[Opening Exercise input section]
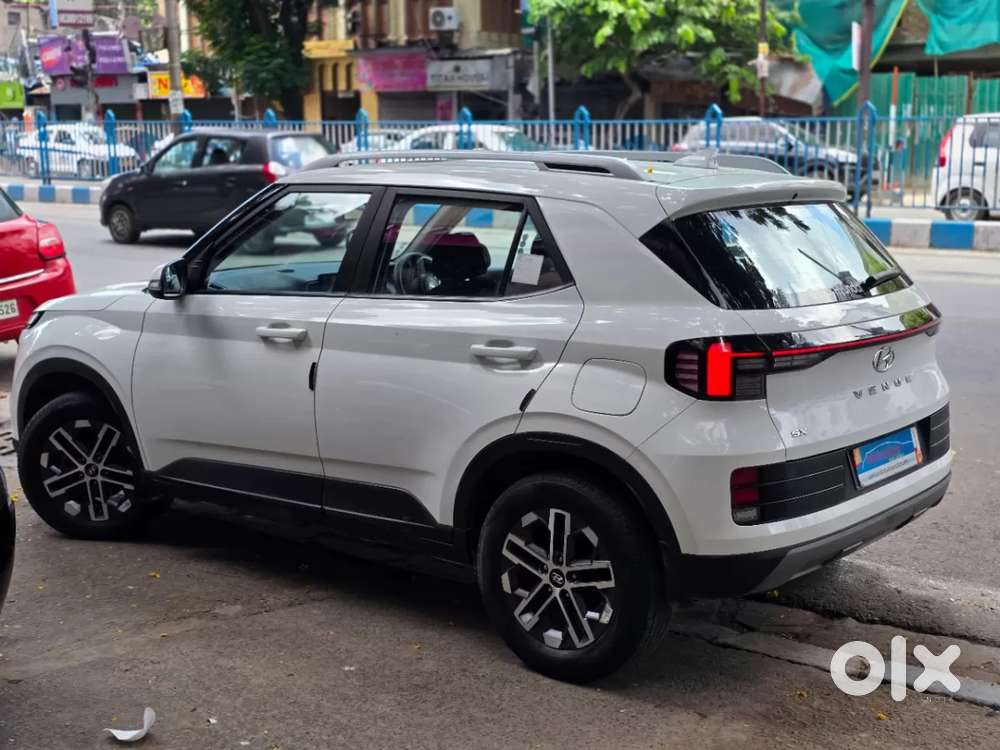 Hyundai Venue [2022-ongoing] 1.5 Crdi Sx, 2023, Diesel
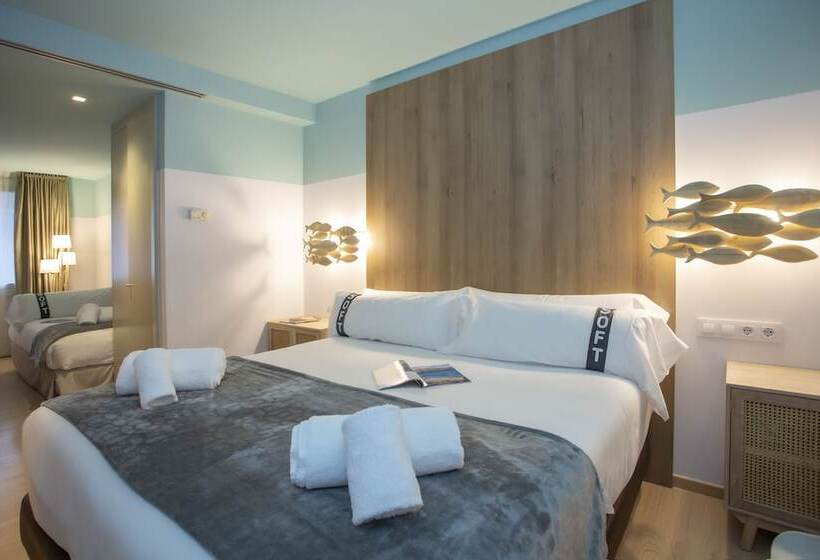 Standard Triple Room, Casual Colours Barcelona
[Closing Exercise input section]
[Opening Exercise input section]
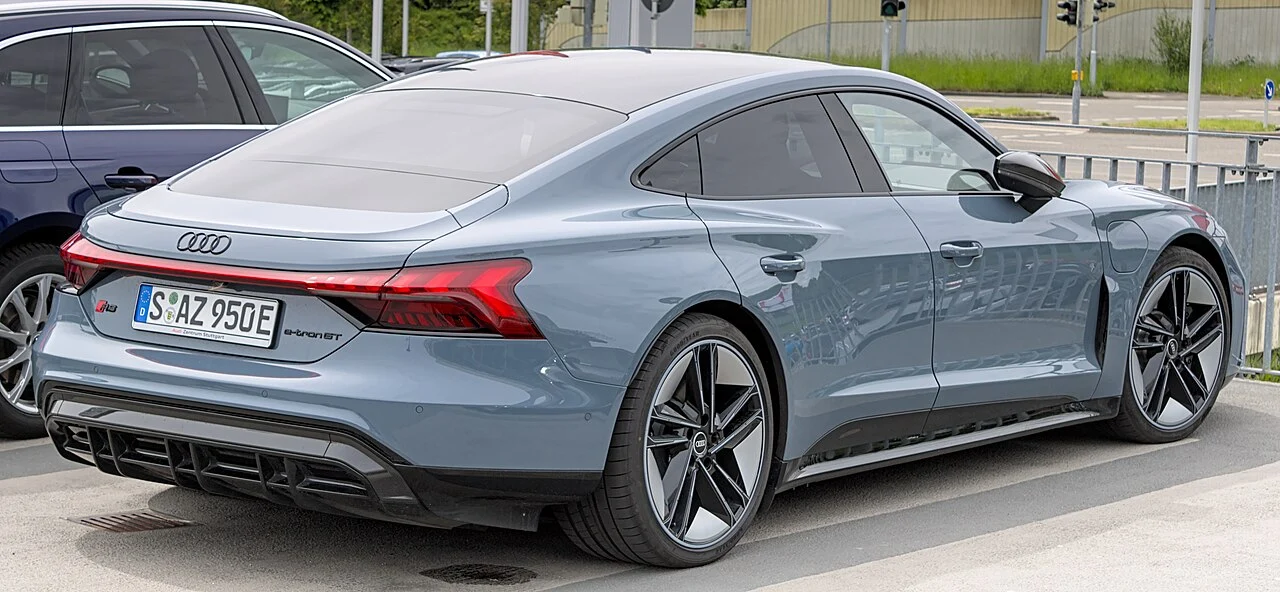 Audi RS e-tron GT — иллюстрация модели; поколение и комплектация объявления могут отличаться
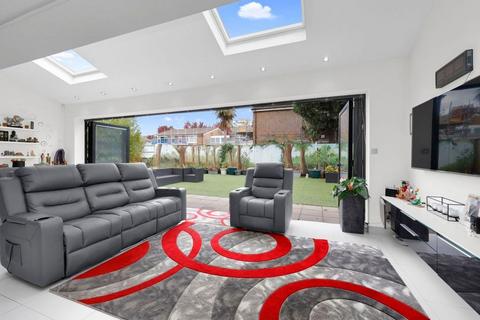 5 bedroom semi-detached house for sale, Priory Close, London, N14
[Closing Exercise input section]
Problem statement:
Output exactly those lines of the data above that run from the line with "Audi RS e-tron" up to and including the line with "5 bedroom semi-detached". No pictures go in.

Reply:
 Audi RS e-tron GT — иллюстрация модели; поколение и комплектация объявления могут отличаться
 5 bedroom semi-detached house for sale, Priory Close, London, N14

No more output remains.